- _ACTIVITY_
Below is a listing; restate from it, character for character, the lines beginning at the line holding "Selaginella uncinata ‘Peacock" and ending at the line holding "Ansicht - Grundstück", both included.
** Opening RECORDS TO PROCESS block **
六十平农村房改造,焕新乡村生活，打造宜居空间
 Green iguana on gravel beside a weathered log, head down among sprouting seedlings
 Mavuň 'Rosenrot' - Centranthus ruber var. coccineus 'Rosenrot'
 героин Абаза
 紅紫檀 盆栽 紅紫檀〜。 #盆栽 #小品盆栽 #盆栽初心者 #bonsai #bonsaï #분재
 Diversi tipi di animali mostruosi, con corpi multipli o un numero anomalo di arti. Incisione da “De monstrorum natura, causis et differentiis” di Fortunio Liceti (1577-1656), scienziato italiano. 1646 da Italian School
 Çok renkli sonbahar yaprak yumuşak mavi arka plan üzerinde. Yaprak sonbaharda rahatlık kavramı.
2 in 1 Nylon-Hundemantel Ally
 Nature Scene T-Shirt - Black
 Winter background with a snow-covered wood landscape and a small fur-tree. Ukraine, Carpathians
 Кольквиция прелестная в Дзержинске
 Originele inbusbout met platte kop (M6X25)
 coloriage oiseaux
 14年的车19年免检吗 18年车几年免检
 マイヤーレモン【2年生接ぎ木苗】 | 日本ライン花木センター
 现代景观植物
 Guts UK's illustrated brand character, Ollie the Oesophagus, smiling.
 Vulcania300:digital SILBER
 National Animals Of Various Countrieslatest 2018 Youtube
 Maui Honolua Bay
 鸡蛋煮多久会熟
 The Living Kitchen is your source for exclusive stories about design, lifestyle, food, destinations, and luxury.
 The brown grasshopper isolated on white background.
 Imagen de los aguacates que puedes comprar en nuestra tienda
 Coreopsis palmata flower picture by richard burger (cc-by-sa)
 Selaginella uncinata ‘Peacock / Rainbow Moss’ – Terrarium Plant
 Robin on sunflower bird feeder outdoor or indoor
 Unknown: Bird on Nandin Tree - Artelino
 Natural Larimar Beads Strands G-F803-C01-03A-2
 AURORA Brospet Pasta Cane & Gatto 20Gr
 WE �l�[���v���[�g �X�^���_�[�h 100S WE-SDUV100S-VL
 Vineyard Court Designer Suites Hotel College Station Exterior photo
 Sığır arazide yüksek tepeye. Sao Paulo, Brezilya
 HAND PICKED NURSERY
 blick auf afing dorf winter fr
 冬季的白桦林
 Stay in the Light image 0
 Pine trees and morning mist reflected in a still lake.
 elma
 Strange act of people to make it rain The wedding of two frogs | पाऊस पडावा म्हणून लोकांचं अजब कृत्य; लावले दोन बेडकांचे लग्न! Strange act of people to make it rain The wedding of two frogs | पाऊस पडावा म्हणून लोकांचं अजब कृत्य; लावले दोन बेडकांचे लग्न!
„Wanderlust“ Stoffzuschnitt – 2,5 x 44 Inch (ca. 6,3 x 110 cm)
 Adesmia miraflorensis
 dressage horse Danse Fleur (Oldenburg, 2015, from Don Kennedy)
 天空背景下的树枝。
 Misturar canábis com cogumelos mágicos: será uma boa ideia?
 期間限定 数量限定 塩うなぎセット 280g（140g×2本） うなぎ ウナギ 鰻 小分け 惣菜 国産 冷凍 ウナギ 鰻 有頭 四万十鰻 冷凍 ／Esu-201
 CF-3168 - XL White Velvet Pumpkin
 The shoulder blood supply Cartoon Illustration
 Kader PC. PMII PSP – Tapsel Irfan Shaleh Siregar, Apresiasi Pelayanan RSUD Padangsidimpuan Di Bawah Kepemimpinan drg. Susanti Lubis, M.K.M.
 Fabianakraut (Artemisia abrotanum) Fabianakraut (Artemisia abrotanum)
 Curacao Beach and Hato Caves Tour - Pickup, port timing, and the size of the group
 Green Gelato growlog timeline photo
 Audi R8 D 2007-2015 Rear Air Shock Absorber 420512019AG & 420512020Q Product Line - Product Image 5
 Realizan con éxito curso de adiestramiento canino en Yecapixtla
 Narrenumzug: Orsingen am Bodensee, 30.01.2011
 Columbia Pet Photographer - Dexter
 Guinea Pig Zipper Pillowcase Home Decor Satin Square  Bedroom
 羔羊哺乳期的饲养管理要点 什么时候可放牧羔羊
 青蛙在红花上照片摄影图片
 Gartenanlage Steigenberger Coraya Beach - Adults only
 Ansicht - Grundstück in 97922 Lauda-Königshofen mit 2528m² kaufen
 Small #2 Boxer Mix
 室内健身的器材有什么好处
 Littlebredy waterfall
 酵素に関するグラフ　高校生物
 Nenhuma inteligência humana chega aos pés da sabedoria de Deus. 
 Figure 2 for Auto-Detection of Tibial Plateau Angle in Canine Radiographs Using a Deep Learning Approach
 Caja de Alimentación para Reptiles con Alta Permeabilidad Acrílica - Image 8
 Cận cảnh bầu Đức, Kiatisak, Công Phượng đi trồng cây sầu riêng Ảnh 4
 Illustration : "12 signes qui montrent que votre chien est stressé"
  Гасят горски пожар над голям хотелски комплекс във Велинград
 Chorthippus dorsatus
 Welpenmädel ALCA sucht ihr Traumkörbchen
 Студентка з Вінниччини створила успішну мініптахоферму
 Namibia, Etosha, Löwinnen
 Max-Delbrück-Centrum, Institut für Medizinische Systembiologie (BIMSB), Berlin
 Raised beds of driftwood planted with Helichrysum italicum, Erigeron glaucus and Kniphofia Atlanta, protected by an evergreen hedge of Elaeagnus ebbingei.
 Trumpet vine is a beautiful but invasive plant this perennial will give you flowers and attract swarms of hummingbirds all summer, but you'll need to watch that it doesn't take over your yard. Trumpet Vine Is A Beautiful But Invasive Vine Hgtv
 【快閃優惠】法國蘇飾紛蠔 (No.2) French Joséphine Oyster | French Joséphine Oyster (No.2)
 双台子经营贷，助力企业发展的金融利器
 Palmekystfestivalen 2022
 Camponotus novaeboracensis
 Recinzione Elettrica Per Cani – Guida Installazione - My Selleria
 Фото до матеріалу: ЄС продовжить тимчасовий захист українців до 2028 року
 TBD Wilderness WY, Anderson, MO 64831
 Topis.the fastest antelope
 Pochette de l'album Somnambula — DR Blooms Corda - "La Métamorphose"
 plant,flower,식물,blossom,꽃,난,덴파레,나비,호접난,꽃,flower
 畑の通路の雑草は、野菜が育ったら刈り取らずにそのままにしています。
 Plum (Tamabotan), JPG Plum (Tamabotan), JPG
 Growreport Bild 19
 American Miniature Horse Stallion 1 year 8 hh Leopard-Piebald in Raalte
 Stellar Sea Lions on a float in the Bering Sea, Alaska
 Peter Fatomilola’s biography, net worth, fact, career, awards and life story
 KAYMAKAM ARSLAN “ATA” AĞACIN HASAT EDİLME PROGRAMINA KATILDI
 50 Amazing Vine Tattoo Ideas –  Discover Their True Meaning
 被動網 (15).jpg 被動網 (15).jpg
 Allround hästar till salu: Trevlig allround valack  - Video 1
** Closing RECORDS TO PROCESS block **
- _TASK OUTPUT_
 Selaginella uncinata ‘Peacock / Rainbow Moss’ – Terrarium Plant
 Robin on sunflower bird feeder outdoor or indoor
 Unknown: Bird on Nandin Tree - Artelino
 Natural Larimar Beads Strands G-F803-C01-03A-2
 AURORA Brospet Pasta Cane & Gatto 20Gr
 WE �l�[���v���[�g �X�^���_�[�h 100S WE-SDUV100S-VL
 Vineyard Court Designer Suites Hotel College Station Exterior photo
 Sığır arazide yüksek tepeye. Sao Paulo, Brezilya
 HAND PICKED NURSERY
 blick auf afing dorf winter fr
 冬季的白桦林
 Stay in the Light image 0
 Pine trees and morning mist reflected in a still lake.
 elma
 Strange act of people to make it rain The wedding of two frogs | पाऊस पडावा म्हणून लोकांचं अजब कृत्य; लावले दोन बेडकांचे लग्न! Strange act of people to make it rain The wedding of two frogs | पाऊस पडावा म्हणून लोकांचं अजब कृत्य; लावले दोन बेडकांचे लग्न!
„Wanderlust“ Stoffzuschnitt – 2,5 x 44 Inch (ca. 6,3 x 110 cm)
 Adesmia miraflorensis
 dressage horse Danse Fleur (Oldenburg, 2015, from Don Kennedy)
 天空背景下的树枝。
 Misturar canábis com cogumelos mágicos: será uma boa ideia?
 期間限定 数量限定 塩うなぎセット 280g（140g×2本） うなぎ ウナギ 鰻 小分け 惣菜 国産 冷凍 ウナギ 鰻 有頭 四万十鰻 冷凍 ／Esu-201
 CF-3168 - XL White Velvet Pumpkin
 The shoulder blood supply Cartoon Illustration
 Kader PC. PMII PSP – Tapsel Irfan Shaleh Siregar, Apresiasi Pelayanan RSUD Padangsidimpuan Di Bawah Kepemimpinan drg. Susanti Lubis, M.K.M.
 Fabianakraut (Artemisia abrotanum) Fabianakraut (Artemisia abrotanum)
 Curacao Beach and Hato Caves Tour - Pickup, port timing, and the size of the group
 Green Gelato growlog timeline photo
 Audi R8 D 2007-2015 Rear Air Shock Absorber 420512019AG & 420512020Q Product Line - Product Image 5
 Realizan con éxito curso de adiestramiento canino en Yecapixtla
 Narrenumzug: Orsingen am Bodensee, 30.01.2011
 Columbia Pet Photographer - Dexter
 Guinea Pig Zipper Pillowcase Home Decor Satin Square  Bedroom
 羔羊哺乳期的饲养管理要点 什么时候可放牧羔羊
 青蛙在红花上照片摄影图片
 Gartenanlage Steigenberger Coraya Beach - Adults only
 Ansicht - Grundstück in 97922 Lauda-Königshofen mit 2528m² kaufen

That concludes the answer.